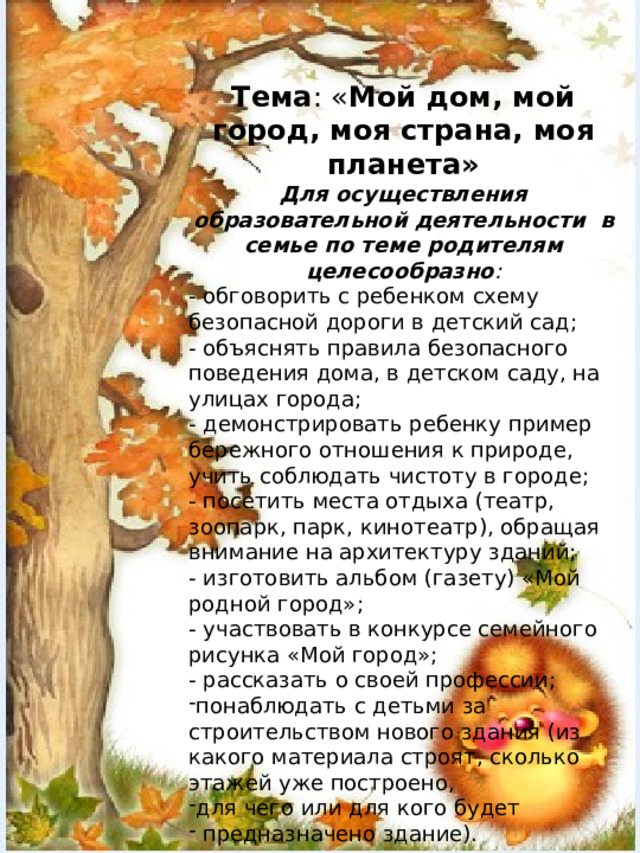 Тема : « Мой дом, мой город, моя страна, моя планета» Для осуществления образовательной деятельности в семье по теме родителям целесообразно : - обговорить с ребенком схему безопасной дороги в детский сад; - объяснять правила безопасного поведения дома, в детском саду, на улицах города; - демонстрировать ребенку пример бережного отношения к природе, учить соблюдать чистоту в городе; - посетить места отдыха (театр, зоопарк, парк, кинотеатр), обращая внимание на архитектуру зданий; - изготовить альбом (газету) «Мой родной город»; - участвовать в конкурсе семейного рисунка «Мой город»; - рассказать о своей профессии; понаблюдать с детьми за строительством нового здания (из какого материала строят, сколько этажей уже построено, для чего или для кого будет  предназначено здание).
---
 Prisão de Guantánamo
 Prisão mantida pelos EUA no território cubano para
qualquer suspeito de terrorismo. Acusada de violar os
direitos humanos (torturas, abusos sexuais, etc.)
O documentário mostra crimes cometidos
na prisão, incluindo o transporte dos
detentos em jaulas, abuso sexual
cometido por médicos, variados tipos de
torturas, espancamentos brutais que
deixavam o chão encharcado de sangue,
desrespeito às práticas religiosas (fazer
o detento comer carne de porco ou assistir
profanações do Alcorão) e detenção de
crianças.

#### [What you are asked to do]
Among the lines above, find those that contain the word "torturas" and copy them.

#### [Answer space]
direitos humanos (torturas, abusos sexuais, etc.)
torturas, espancamentos brutais que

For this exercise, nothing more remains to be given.